Green Measures - several new measures introduced


Key measures

A number of renewable energy/low carbon measures have been introduced in the Pre-Budget Report, the key ones being the extension of the increased recoverable obligation certificates ('ROCs') for offshore wind projects until March 2014 and the reduction of the discount in climate change levy (CCL) for companies with climate change agreements (CCAs).

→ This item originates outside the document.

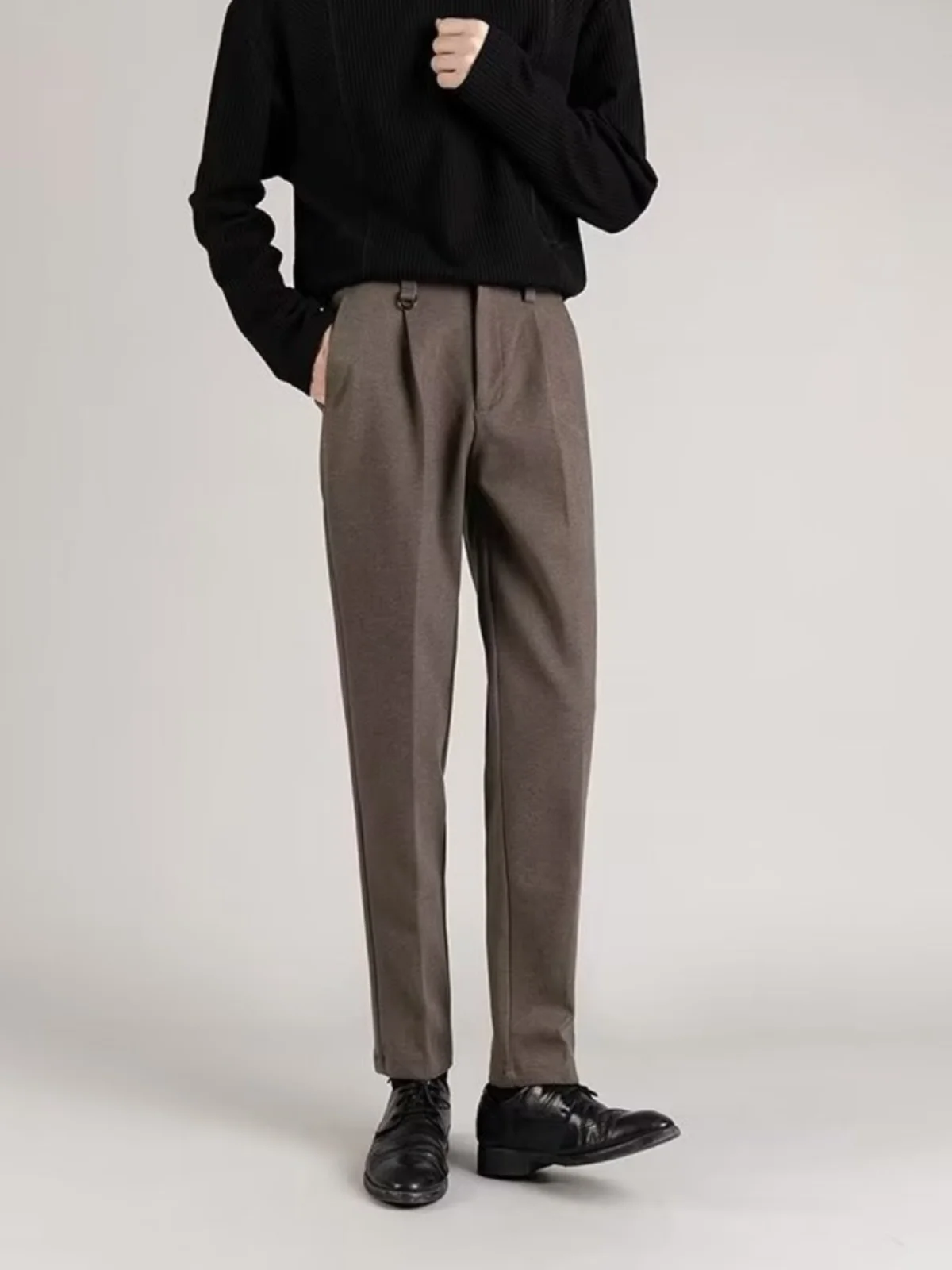 

Thiened Woolen Men's Straight Leg Casual Suit Pants Autumn Winter Long Trousers Faionable Korean Sle Warm Loose Fit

The Pre-Budget Report provides a further £400 million to support business investment in low-carbon growth and help households reduce energy costs. Combined with policies announced since September 2008, the Government estimates that this could support over £15 billion of additional public and private investment in the low-carbon and energy sectors over the next three years.

Who will it affect?

Corporates

  • Additional support for offshore wind projects accredited from April 2010 to March 2014 via the Renewables Obligation (more details below);
  • Increasing the reduced rate of climate change levy (CCL) for sectors in the climate change agreement (CCA) scheme from 20 to 35% across all taxable commodities (ie lowering the discount from 80 to 65%) enabling the CCA scheme to continue to operate within the EU framework for energy, and extending CCAs to the plastics and laundries sectors;
  • Doubling to four the UK's commitment to fund carbon capture and storage demonstration projects via contributions from electricity suppliers;
  • Establishing Infrastructure UK to leverage further investment in low-carbon projects including by: investing €100 million in a European Investment Bank-led fund to deploy up to €1.5 billion of equity and €5 billion of debt in low-carbon infrastructure (including the London Array offshore wind farm); and considering the case for a low-carbon investment institution;
  • £120 million for low-carbon industries in the UK, including £50 million to invest in the development of the UK offshore wind industry, which involves funding for new manufacturing and testing facilities (eg £15 million for the New and Renewable Energy Centre in Northumberland to develop a world-leading UK capability for the testing of wind turbine blades, enabling businesses in the supply chain to gain affordable access to testing facilities) and £40 million support for low-carbon technologies; and
  • Exempting electric cars from company car tax (CCT) for 5 years from 2010, extending CCT bandings in 2012, exempting electric vans from van benefit charge for 5 years and introducing a 100% first-year allowance for business expenditure on electric vans.

Individuals

  • Confirming that the income received by those who generate small-scale renewable electricity for their home through the clean energy cash-back scheme (ie feed in tariffs), worth on average £900 in 2010, will be tax free;
  • £200 million to improve energy efficiency and tackle fuel poverty by: offering £400 for up to 125,000 households to upgrade their old boilers to the latest efficient models with a greener boiler incentive; and providing extra resources for Warm Front to help 75,000 of the most vulnerable households with heating and insulation;
  • Helping one million more vulnerable households with discounts on their energy bills by increasing support provided by energy companies from £150 million to £300 million by 2013-14; and
  • Increasing support for low-carbon vehicles through exempting electric cars from company car tax from 2010, introducing a 100% first-year allowance for electric vans, and investing a further £30 million on low-carbon transport projects

Renewables Obligation for Offshore Wind

When first announced in April's Budget, the increase from 1.5 ROCs to 2.0 ROCs for every megawatt hour of energy from offshore wind farms applied only to projects reaching financial close in the financial year 2009-2010, falling back to 1.75 ROCs for projects reaching financial close in 2010-11. Today's announcement extends the entitlement to double ROCs for future projects accredited before March 2014 and is designed to support a target of 3 gigawatts of investment in offshore wind, thereby contributing to the achievement of the UK's renewable energy target.

Our view

There were a number of positive measures to encourage investment in renewable energy and low carbon infrastructure, with offshore wind being a key focus.

The extension of the window for the additional support available for offshore wind farms currently commencing construction, in particular, is a welcome boost for the offshore wind industry and provides project developers with a firmer basis with which to progress projects through the planning cycle.

In addition, the UK offshore wind industry will benefit from £50 million of funding including investment in new manufacturing and testing facilities, the benefit of which will be felt when the demand for turbines has increased following the anticipated economic recovery.

At the other end of the spectrum, there is an income tax exemption for individuals who generate small scale renewable power mainly for their own use. Today's announcement will ensure the feed-in tariffs they receive, worth on average £900 pounds a year, will not be subject to income tax.

Whilst the changes are welcome, they do add to the complexity of the various incentives available for renewable energy investment. We now have ROCs, regulation, feed in tariffs and tax exemptions, all of which make it harder for investors to understand and take advantage of these. In addition, in contrast to the many positive measures introduced, the increased rate of CCL for sectors in the CCA scheme from 20 to 35% across all taxable commodities was unexpected by many and is expected to raise an additional £50 million per year. This will particularly affect large emitters, eg the steel industry for whom the benefits of CCAs can be significant.